Monday, February 13, 2006

I went to a job interview this week for a position at Harlequin Enterprises and I think I blew it. I know I rambled too much, perhaps came across as too intellectual for the position, and I’m pretty sure I didn’t always answer the question that was actually asked. In fact, halfway through some of my answers I realized I had already forgotten what was asked.

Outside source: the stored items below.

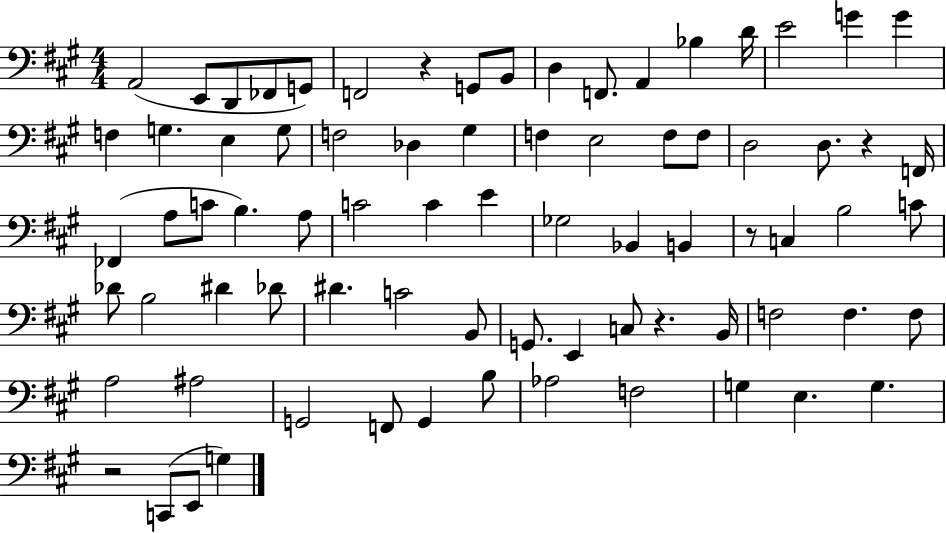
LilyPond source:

{
  \clef bass
  \numericTimeSignature
  \time 4/4
  \key a \major
  a,2( e,8 d,8 fes,8 g,8) | f,2 r4 g,8 b,8 | d4 f,8. a,4 bes4 d'16 | e'2 g'4 g'4 | \break f4 g4. e4 g8 | f2 des4 gis4 | f4 e2 f8 f8 | d2 d8. r4 f,16 | \break fes,4( a8 c'8 b4.) a8 | c'2 c'4 e'4 | ges2 bes,4 b,4 | r8 c4 b2 c'8 | \break des'8 b2 dis'4 des'8 | dis'4. c'2 b,8 | g,8. e,4 c8 r4. b,16 | f2 f4. f8 | \break a2 ais2 | g,2 f,8 g,4 b8 | aes2 f2 | g4 e4. g4. | \break r2 c,8( e,8 g4) | \bar "|."
}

I am not good at interviews and even overdosing on coffee prior to this interview didn’t help. Neither did the fact that I had to interview with three people at once. As soon as the interview started I found I was so nervous that I forgot everything I’d ever accomplished. I became pre-occupied with giving everyone enough eye contact and wondering if I had provided enough information. I even worried that I looked too desperate for the job. "Do they like me?" "Why isn't that person smiling very much?" I just couldn't stay focused on selling myself.When the interview was over I really couldn’t tell if I had done well or poorly. All I knew was that I was disappointed in myself for not synching the job and let myself have a good cry over it on the way home.

Along the way I picked up my daughters at their daycare, and as we drove to the house my oldest daughter said, "mom?" She said the word with special emphasis because she had, just two days earlier, decided to call me mom instead of mommy and was still getting used to saying the word.

"Yes, honey?" I asked.

"Did you get the job?" Her kind voice was such a welcome sound after all my self-doubt.

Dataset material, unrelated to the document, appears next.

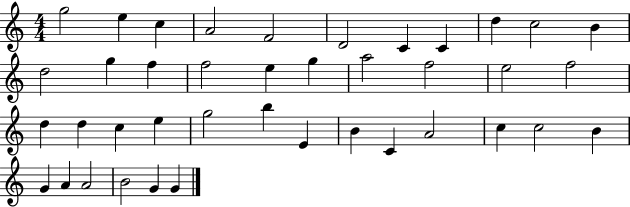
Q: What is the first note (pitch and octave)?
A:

"I don’t know if I got the job," I told her, "but I did my best."

And you know, I guess I did do my best - my honest, rambling, desperate, nervous best. If I don’t get the job I will be very disappointed and may even spend a day imagining a big "L" on my forehead. There could even be some tears. Then, I’ll hear the sweet voices of my daughters and be so thankful, once again, for the amazing job I already do have: being their mom(my). No other job compares.